Many organizations continue to perceive and use embedded BI highly. However, reported current use of embedded BI declined slowly from its high of 53 percent in 2017. Its perceived importance sits below the all-time high level reported in 2018. Despite these declines, 12-month adoption plans are steady and 24-month adoption plans increased. Possible explanations for these data include higher expectations of what constitutes embedded BI (vs. previous years), as well as the impact of COVID-19 pausing and resetting many deployments.
Embedded BI often represents one component of successful embedded BI implementations because the breadth of its potential uses and its ease of deployment helps bring data and analytics closer to associates in the enterprise applications and portals they use in their everyday work. Embedded BI also can enable an ability to do light analyses on data in dashboards and reports, without the user needing to copy and manipulate source data (often using spreadsheets). Although limited in comparison to more standard BI tools, capabilities from embedded BI also tend to be much more intuitive, requiring fewer resources to develop skills and train users.
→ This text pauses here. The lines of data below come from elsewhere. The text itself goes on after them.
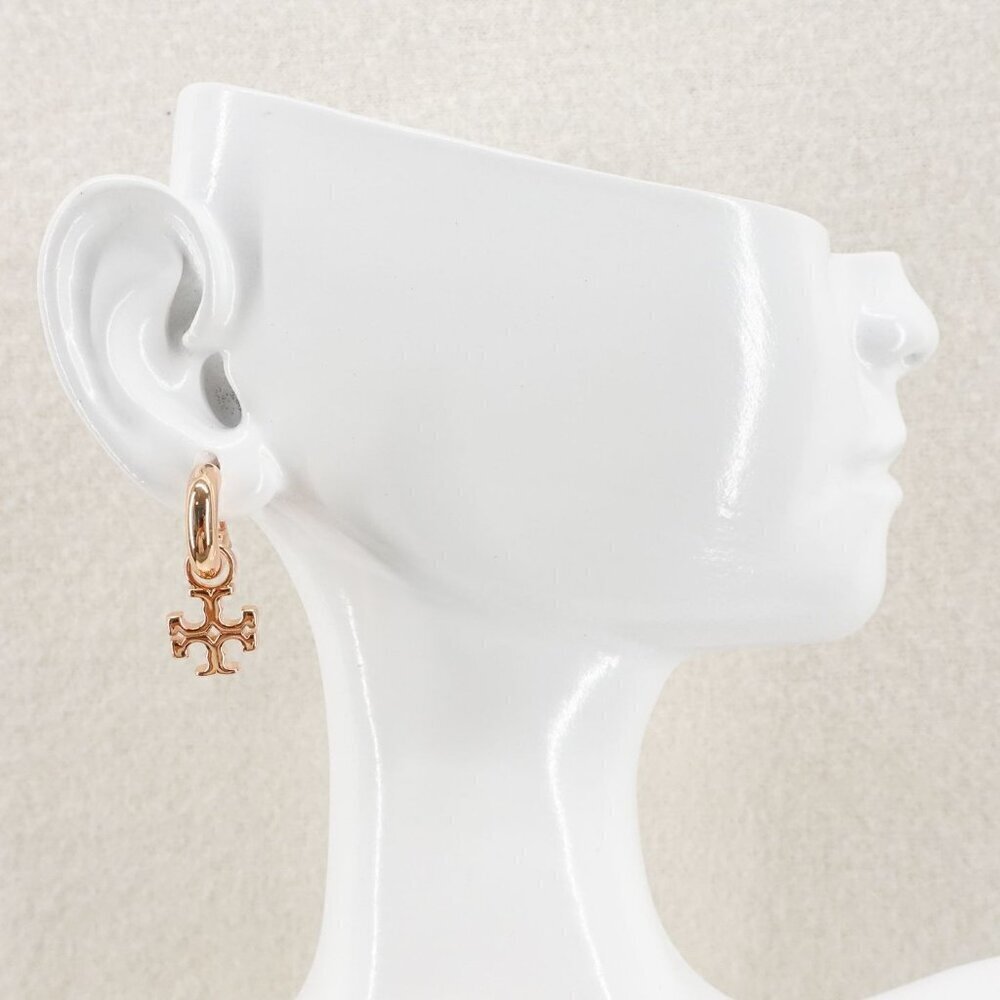 Tory Burch Kira Logo Drop Huggie Hoop Earrings Rose Gold OS - Picture 7 of 12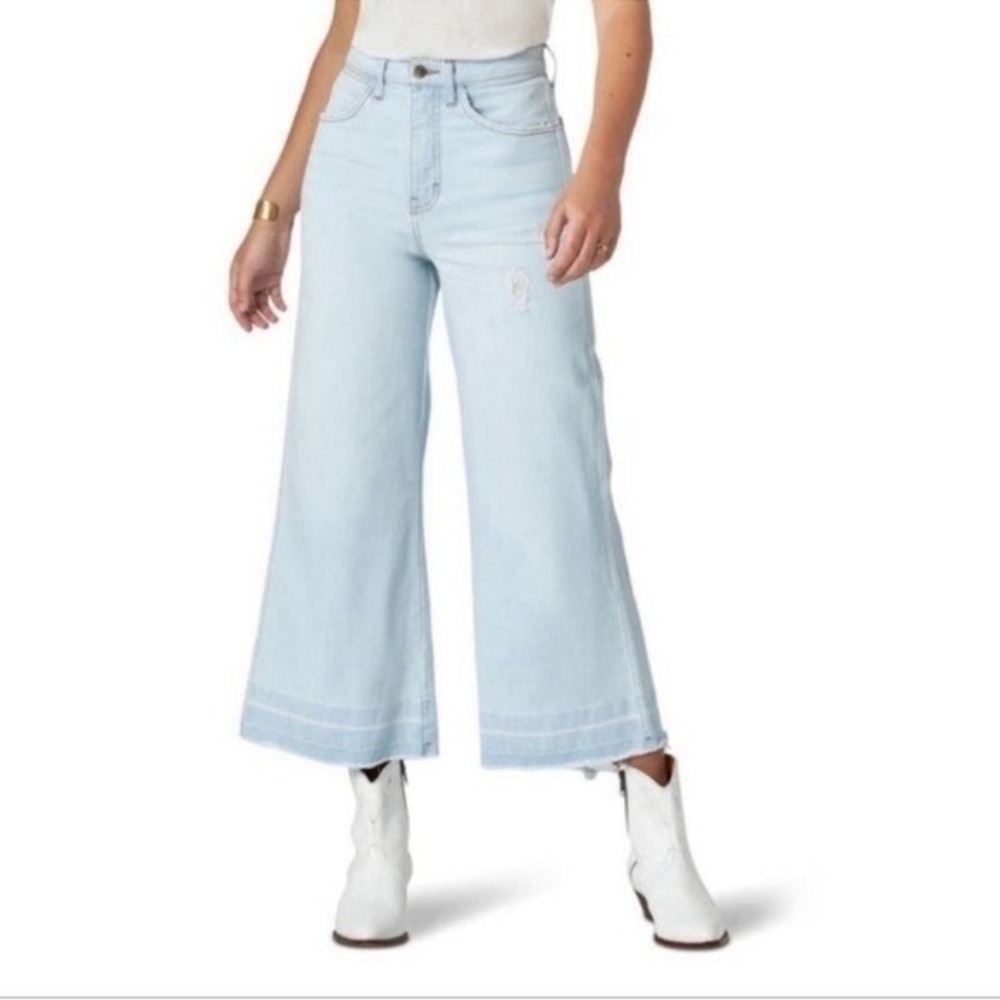 Wrangler x Fred Segal Women's Wide Leg Crop Distressed Raw Hem Jeans Size 27‎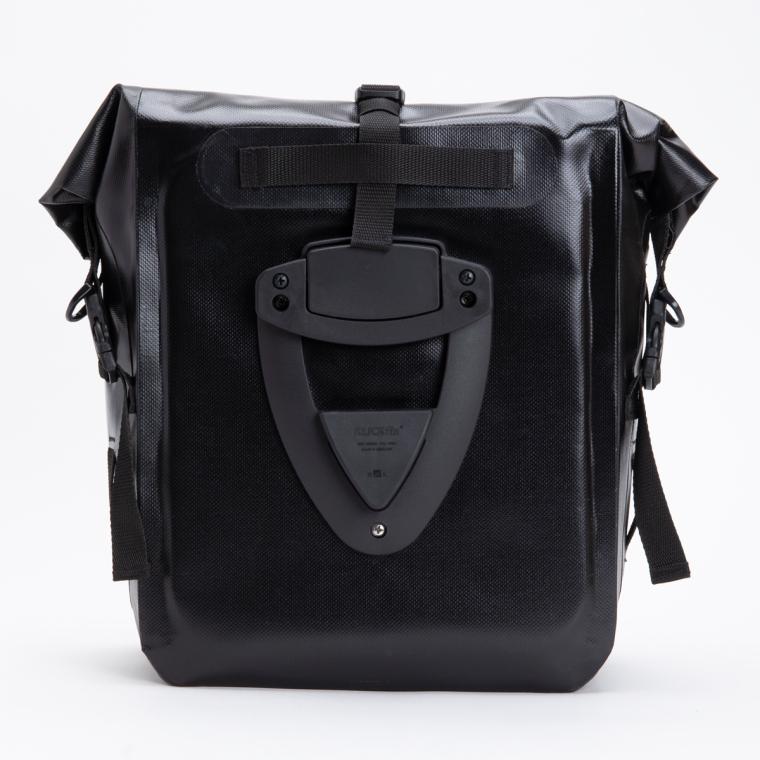 Lofoten 22L 防水サドルバッグ サイドバッグ 黒 LaPoderosaGoods 国内在庫あり 即納 トライアンフ BMW インディアン ロイヤルエンフィールド モトグッツィ |  | 05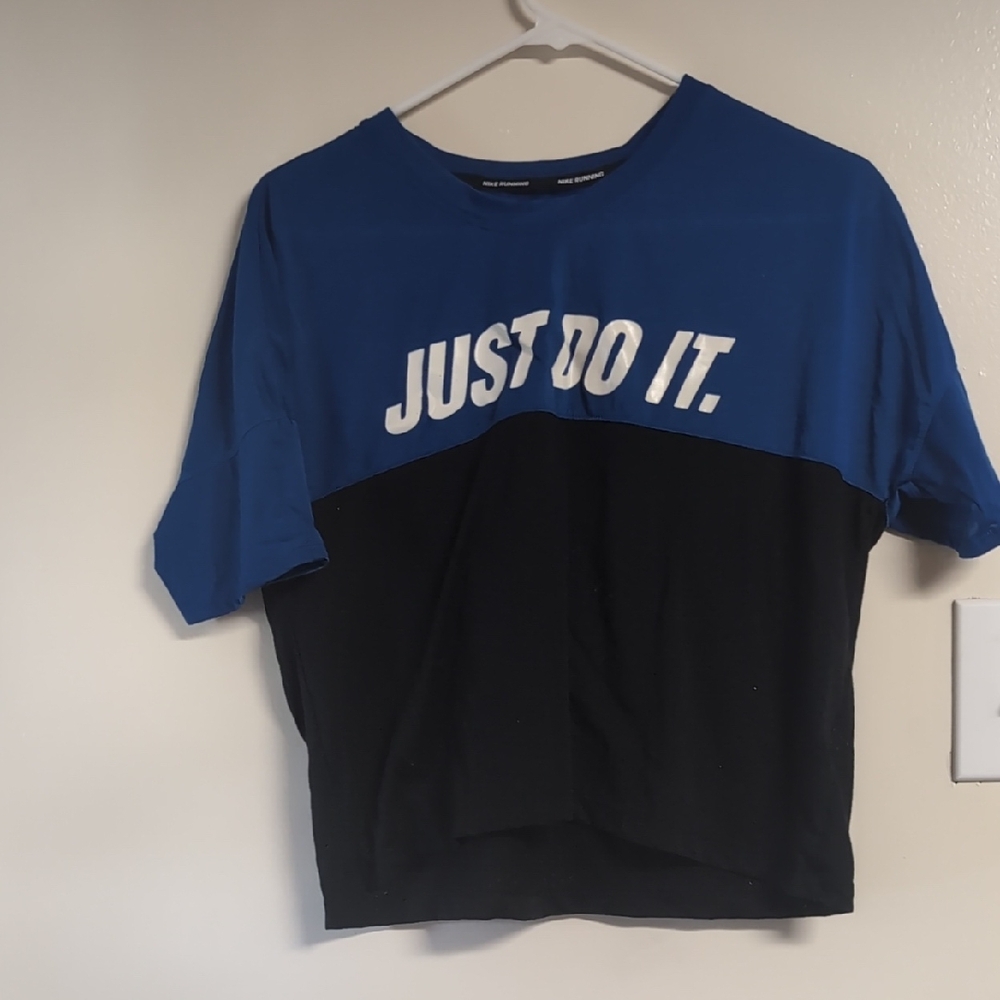 Nike Dri-Fit Running Blue and Black Graphic T-Shirt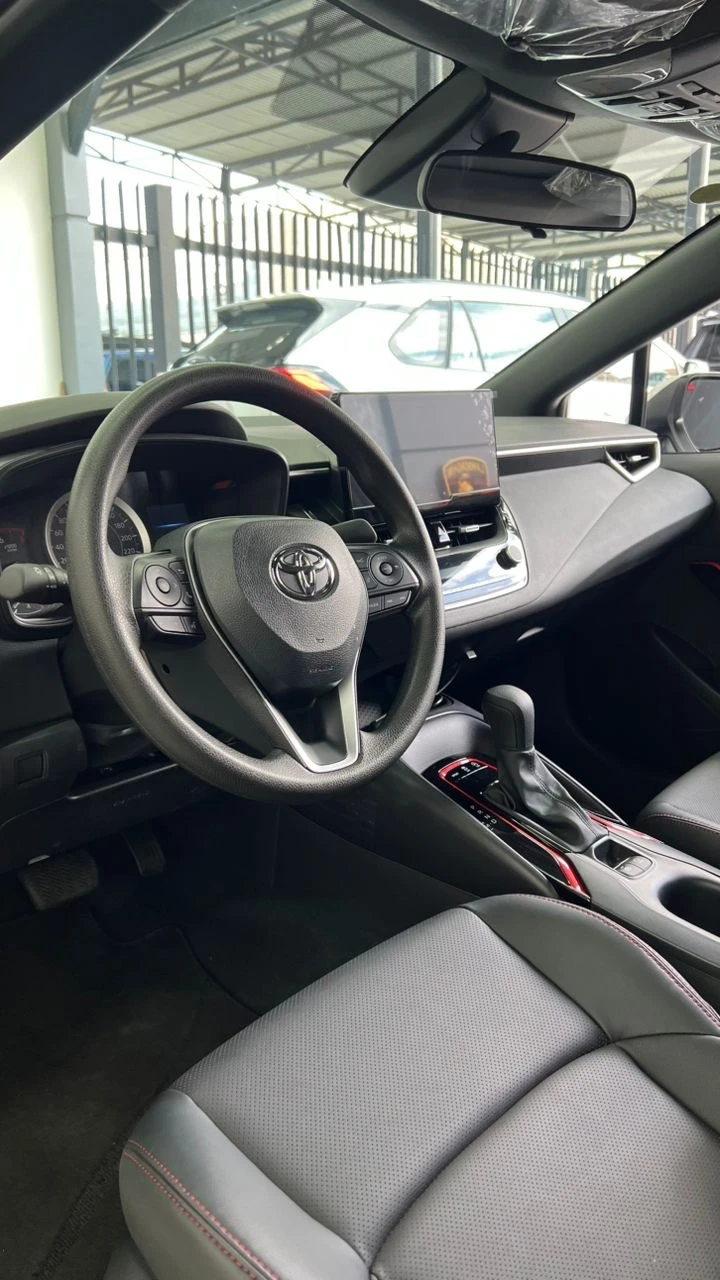 2025 Toyota Corolla Sport — foto 9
Embedded BI tends to arrive organically and dynamically—usually indirectly as enhancements to enterprise applications and portals (from the providers), as well as to reports and dashboards. Often enough, these “bottom-up” enhancements also tend to arrive somewhat stealthily, thereby lacking immediate alignment with business goals, programs, and projects. Although less common at this point, planned embedded BI deployments by organizations provide a means by which to address targeted-user analytical needs more tactically through more overlay capabilities, without requiring extensive application-upgrade investments and retraining.
Declining current usage, slipping importance, but expected higher future use present an interesting set of challenges that could make data leaders more complacent toward embedded BI just at the time its dynamics are changing and require more, not less, of their attention.
Because its ease of deployment—including more stealthy unplanned instances through extensions to applications and improvements to portals—embedded BI often can conceal the lack of a coordinated strategy that aligns to an overall data and analytics program and its value to the business. This can create a strong risk of an execution gap and, possibly, the need for better-coordinated implementations.
A successful implementation requires planning, alignment to strategy, monitoring, and maintenance beyond an initial rollout. A significant portion of embedded BI may come not from planned deployments but through extensions and enhancements to enterprise applications and portals.
Furthermore, data leaders need to consider and manage embedded BI as one of many channels and capabilities the organization uses as part of its overall data and analytics strategy—to help enable and reinforce information democracy and empower users to make more-frequent, better-informed data-driven business decisions.
Embedded BI implementations done in this way will enable organizations to take more opportunistic views of daily activities, and provide opportunities for better visibility, depth, and timeliness to enterprise and third-party data.